Creating a Career By Starting A Business

Guest Correspondence

SRQ Daily Columnist Kevin Cooper is the vice president for Public Policy and Sarasota Tomorrow Initiatives for The Greater Sarasota Chamber of Commerce

At the recent county-wide State of Jobs Conference, 30 percent of high school students polled said they’d like to start their own business and, in effect, work for themselves. A program new to our community will help prepare them to do just that.

From a business perspective, success can sometimes be painfully simple: identify your most important asset and invest in it in a way that produces a unique and valuable outcome for everyone involved. From a community perspective, there is perhaps no greater asset than the next generation. With that understanding, Leadership Sarasota, a program of the Greater Sarasota Chamber of Commerce, has partnered with the Young Entrepreneurs Academy (YEA!) to bring the Academy’s decade-long success to the Sarasota Area.

The YEA! program is a groundbreaking and exciting year-long educational, immersive experience that transforms middle and high school students into real, confident entrepreneurs. Throughout the process, participants are tasked with the creation of a business from inception to fully operable. Sarasota students will get actual experience in developing business ideas, writing business plans, conducting market research, pitching plans to panels of investors and literally launching and running their own real, legal, fully-formed companies and social movements. From registering DBAs to filing tax returns, YEA! students literally do everything an adult would who is starting their own business.

YEA! began with a single class at the University of Rochester in 2004 and is now equipping fledgling entrepreneurs in 89 locations across 30 states. Sarasota marks only the 9th Florida-based YEA! partnership and the Chamber program will add Sarasota’s locally-grown, talented youth to nearly 1,400 students that have graduated from the program and launched over 1,000 enterprises. Through helping students embrace their entrepreneurial passion, energy, creativity and talents, the Chamber and YEA! strive to equip greater Sarasota’s youth to become job seekers as well as job creators.

As students in the program meet weekly for three hours at the State College of Florida over 30 weeks, YEA! injects an innovative applied academic approach to bolster the already strong foundation being created in the Sarasota school system. YEA! participants learn as much about self-esteem, personal potential and leadership skills as they do about budgeting, planning and production.  However, the real key to success is when the program unlocks a student’s potential by having them work directly with business leaders in the community in a way that turns theory into application, a test into a transaction.

A Texas YEA! graduate recently auditioned for ABC’s hit show Shark Tank, another was featured on ABC’s Good Morning America, and yet another has completed a nearly $1 million round of investments for use in a manufacturing and distribution system in his most recent business.  Of course, the mission isn’t about television exposure, venture capital or the next big thing.  The Sarasota YEA! mission is clear: help students view entrepreneurship and social innovation as synonymous with success and freedom.

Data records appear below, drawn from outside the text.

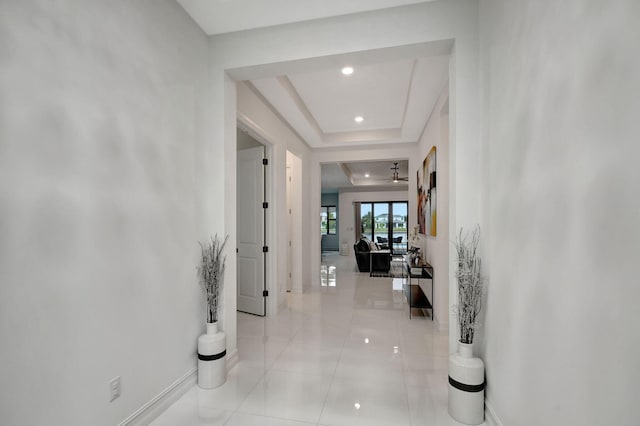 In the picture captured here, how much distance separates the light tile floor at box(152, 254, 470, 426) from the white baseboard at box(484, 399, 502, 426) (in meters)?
0.22

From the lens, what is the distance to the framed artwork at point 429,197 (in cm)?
382

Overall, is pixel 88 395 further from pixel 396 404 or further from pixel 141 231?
pixel 396 404

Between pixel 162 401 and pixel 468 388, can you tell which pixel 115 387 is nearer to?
pixel 162 401

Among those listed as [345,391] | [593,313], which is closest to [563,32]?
[593,313]

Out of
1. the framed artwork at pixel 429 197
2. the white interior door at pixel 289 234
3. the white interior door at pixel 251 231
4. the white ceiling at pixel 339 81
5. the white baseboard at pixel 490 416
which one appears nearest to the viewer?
the white baseboard at pixel 490 416

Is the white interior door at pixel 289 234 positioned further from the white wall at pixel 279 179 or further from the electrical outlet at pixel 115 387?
the electrical outlet at pixel 115 387

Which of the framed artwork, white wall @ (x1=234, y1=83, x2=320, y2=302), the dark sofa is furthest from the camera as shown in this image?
the dark sofa

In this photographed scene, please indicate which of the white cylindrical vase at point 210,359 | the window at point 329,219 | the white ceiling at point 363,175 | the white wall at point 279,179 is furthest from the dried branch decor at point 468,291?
the window at point 329,219

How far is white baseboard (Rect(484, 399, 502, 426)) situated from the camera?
1.78 metres

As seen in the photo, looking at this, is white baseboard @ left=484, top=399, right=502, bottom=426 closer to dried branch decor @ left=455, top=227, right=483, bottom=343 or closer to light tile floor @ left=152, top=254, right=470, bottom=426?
light tile floor @ left=152, top=254, right=470, bottom=426

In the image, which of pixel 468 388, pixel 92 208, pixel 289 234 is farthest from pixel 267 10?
pixel 289 234

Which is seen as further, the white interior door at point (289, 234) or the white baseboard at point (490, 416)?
the white interior door at point (289, 234)

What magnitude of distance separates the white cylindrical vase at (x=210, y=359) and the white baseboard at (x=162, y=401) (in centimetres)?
7

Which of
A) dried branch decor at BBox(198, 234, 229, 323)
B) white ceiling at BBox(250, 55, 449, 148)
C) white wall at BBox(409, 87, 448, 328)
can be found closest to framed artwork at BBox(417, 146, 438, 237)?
white wall at BBox(409, 87, 448, 328) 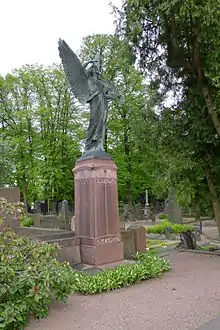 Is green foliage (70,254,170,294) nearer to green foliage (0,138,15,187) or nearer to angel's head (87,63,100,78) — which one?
angel's head (87,63,100,78)

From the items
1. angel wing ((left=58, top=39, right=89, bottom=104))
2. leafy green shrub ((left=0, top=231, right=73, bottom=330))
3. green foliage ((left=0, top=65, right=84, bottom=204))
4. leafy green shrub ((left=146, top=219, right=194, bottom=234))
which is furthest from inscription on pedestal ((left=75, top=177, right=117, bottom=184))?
green foliage ((left=0, top=65, right=84, bottom=204))

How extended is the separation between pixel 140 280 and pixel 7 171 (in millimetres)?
16855

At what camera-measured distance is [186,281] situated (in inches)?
283

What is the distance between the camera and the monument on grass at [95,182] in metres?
8.12

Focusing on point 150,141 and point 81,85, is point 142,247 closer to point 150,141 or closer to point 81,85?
point 150,141

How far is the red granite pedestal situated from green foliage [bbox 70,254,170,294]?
74 centimetres

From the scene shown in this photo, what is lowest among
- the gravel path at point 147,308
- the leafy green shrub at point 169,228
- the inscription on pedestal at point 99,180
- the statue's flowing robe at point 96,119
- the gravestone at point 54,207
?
the gravel path at point 147,308

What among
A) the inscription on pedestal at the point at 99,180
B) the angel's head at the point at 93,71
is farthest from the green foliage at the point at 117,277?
the angel's head at the point at 93,71

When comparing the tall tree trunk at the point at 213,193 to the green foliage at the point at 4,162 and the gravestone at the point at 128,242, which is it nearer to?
the gravestone at the point at 128,242

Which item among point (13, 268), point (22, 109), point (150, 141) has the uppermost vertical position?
point (22, 109)

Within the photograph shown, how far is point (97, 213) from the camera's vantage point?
8117mm

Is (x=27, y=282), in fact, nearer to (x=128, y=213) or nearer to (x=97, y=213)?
(x=97, y=213)

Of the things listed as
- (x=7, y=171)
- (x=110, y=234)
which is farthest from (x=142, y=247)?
(x=7, y=171)

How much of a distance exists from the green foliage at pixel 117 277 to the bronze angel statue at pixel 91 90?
3.37 meters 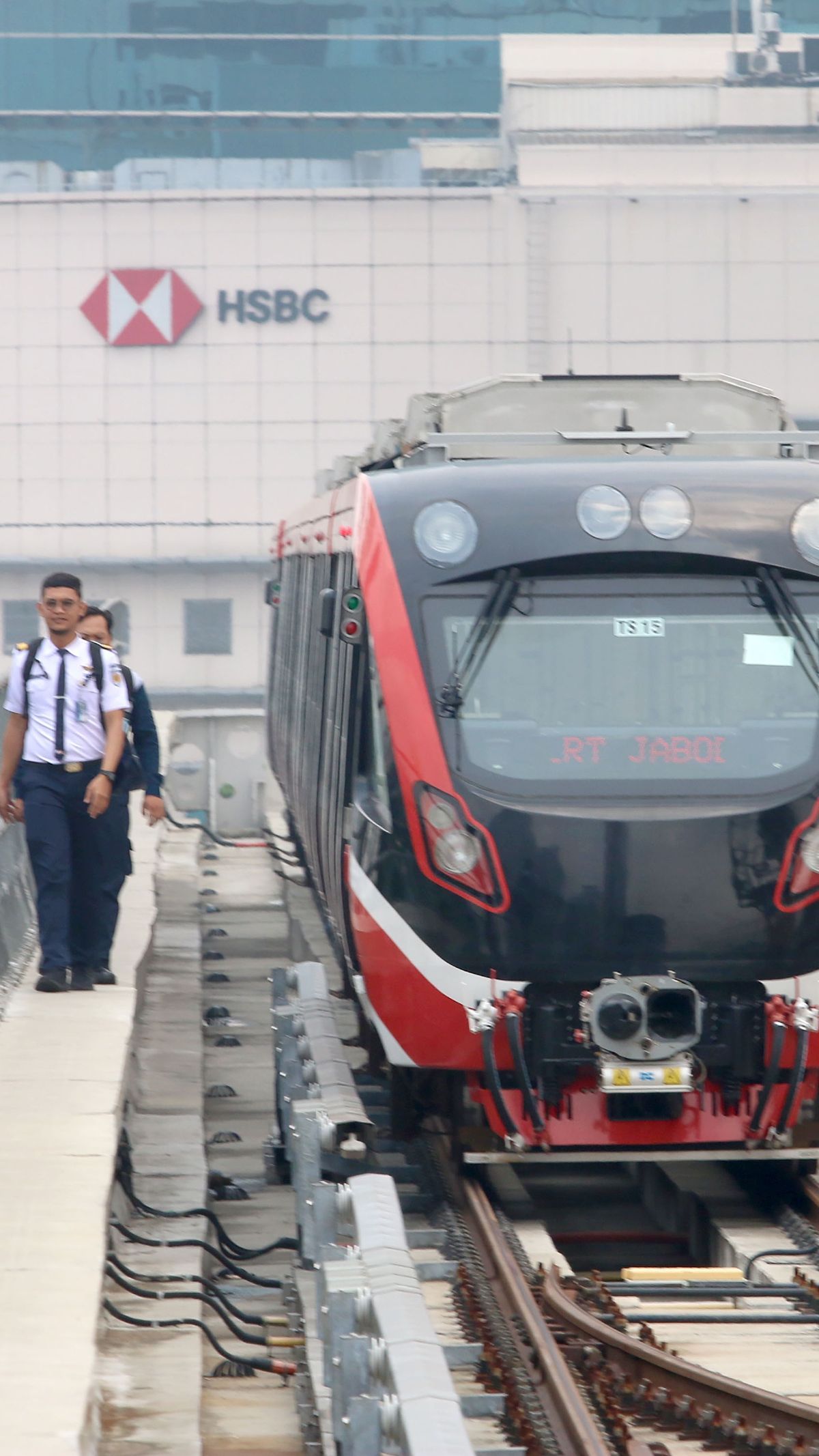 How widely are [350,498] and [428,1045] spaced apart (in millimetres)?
3332

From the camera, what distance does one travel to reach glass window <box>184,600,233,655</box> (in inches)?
2251

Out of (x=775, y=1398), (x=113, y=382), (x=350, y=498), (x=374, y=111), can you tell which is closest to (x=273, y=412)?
(x=113, y=382)

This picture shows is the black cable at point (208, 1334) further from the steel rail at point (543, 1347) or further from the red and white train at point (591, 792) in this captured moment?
the red and white train at point (591, 792)

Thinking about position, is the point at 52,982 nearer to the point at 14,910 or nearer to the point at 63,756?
the point at 14,910

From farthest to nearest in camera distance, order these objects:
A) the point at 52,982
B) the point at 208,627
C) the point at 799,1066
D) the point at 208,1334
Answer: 1. the point at 208,627
2. the point at 52,982
3. the point at 799,1066
4. the point at 208,1334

It is the desire of many to see the generation that follows both do better and feel safer than they themselves were able.  By investing in middle and high school students in a new way that harnesses talents and creates a valuable outcome for the school system, parents, business and most importantly the students, Sarasota’s future success might just be as simple as YEA! 

For more information about the Young Entrepreneurs Academy, interested students and parents can contact Barb Hines at bhines@sarasotachamber.com.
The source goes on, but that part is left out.